Style Guide for Editors
General Guidelines
Dashes
Sentence Clauses – Any place in a sentences where dashes have been used in place of commas, semi-colons, or parenthesis, em dashes should be used—without surrounding spaces.
Grandmother—she’d been dead a while—laughed and laughed.
Spans and Ranges of Numbers – Any dashed numerical range should use an en dash with surrounding spaces.
RIP Beatrix Potter, 1866 – 1943.
Compound Words – Words that are joined with a dash should use the ordinary hyphen found on the computer keyboard. No surrounding spaces.
Boy, someone must have beaten you with an ugly-stick.
Acronyms and Initials
Initials and acronyms should never use periods. In cases where there are multiple initials together, there should be no spaces and no periods.
PT Barnum was a bit of a huxter.
Ellipses
All ellipses should use the ellipses character (…) rather than a string of three periods.
Lists
Bulleted or numerical lists should use the HTML format rather than manually typed bullets or numbers. You can use the Bulleted List or Numbered List buttons in the WordPress editor.
Possessives
If a possessive name or word ends with the letter “s”, use an apostrophe with no added “s” afterward.
Mister Burns’ power plant is a paragon of workplace safety.
Poems
Dedications and Afters
Dedications, afters, and other types of attributions should be offset with an em dash (without a space after) and set in italics. These should not be blockquotes.
—for my father
—after Khalil Gibran
Epigraphs
The entirety of an epigraph at the start of a poem should be placed in a block quote, including the citation, which should be offset with an em dash (without a space after) and set in italics. The quoted portion of the epigraph should be placed between double quotes, and there should only be a soft return between the quotation and the citation.
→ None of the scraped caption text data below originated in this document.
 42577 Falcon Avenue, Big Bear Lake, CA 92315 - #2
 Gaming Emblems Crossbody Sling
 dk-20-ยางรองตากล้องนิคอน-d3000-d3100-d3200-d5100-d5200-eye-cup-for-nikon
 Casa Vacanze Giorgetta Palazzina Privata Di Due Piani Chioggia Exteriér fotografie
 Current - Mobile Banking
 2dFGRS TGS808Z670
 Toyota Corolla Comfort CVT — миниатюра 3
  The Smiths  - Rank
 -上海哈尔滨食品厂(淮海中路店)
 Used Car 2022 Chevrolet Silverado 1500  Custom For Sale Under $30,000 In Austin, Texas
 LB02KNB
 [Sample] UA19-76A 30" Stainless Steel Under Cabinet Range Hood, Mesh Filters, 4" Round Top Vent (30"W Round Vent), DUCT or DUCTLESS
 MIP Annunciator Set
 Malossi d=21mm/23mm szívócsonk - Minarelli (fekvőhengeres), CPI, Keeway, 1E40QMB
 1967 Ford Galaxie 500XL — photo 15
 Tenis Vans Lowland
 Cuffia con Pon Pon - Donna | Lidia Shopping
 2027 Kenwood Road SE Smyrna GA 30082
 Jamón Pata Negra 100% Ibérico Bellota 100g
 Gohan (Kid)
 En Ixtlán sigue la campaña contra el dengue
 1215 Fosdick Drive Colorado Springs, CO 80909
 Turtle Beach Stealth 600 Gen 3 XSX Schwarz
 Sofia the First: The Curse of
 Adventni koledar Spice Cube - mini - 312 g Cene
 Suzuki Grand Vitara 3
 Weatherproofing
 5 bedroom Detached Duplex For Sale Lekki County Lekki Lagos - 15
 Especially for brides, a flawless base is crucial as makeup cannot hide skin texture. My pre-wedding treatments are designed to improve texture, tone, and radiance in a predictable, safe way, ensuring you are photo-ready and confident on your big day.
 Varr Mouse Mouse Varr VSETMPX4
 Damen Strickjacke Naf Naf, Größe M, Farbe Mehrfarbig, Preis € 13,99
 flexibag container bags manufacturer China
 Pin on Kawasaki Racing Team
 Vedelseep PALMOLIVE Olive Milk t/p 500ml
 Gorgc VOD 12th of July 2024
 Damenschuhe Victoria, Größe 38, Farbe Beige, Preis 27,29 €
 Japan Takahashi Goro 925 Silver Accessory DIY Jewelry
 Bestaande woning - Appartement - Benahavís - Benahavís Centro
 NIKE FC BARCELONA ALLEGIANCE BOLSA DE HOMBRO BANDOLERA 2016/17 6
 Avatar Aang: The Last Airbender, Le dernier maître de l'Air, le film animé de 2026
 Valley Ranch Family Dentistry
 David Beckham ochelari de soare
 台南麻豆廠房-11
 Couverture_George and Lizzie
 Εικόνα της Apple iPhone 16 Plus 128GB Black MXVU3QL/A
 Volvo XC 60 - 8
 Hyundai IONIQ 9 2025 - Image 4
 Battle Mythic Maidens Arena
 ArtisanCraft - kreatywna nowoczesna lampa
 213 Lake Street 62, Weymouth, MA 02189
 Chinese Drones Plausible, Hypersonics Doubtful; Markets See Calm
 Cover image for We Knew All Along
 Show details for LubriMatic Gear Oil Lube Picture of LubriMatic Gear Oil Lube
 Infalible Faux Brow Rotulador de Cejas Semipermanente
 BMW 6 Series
“We all need someone we can bleed on.
And if you want it, baby, well you can bleed on me.”
—The Rolling Stones
Sections
Where a poem is broken up into numbered, lettered, or titled sections, the number letter or title should be given its own paragraph breaks and bolded.
1
There was an angry man after me.
2
I ran as fast as the angry man.
Capitalization
The poet’s intent should be honored in all titles and in the bodies of poems. Artist names should always be capitalized normally.
Artist Bios
Artist Names
The first instance of an artist’s name in a bio should be bolded.
Jane Doe is a poet who lives in Wordtown, Rhode Island.
Capitalization – Artist names should be capitalized normally.
Titles
Journals – Titles of journals should always be in italics.
Jane Doe has been published in Adroit.
Chapbooks / Books – Titles of books and chapbooks should always be in italics.
Jane Doe is the author of the chapbook, Various Weather Conditions.
Poems – Individual poem titles should always be in double quotes.
Jane Doe’s poem, “Sunshine,” is awesome.
Publishers – The names of publishers should always be capitalized but otherwise given no special formatting.
Jane Doe’s chapbook was published by Climate Press.
Commas
Lists – Lists of items, such as publication credits, with more than two items should always include an Oxford comma. Lists of only two items need no comma.
Jane Doe’s work has appeared in Adroit, Rust + Moth, and The Rusty Nail.
Jane Doe has two cats—Dimitri and Svetlana.
Other
Currently – In most cases, you should remove the word ‘currently’ from bios. It rarely adds to the meaning.
Years-Old – The words ‘year-old’ or ‘years-old’ should use a hyphen, not a space.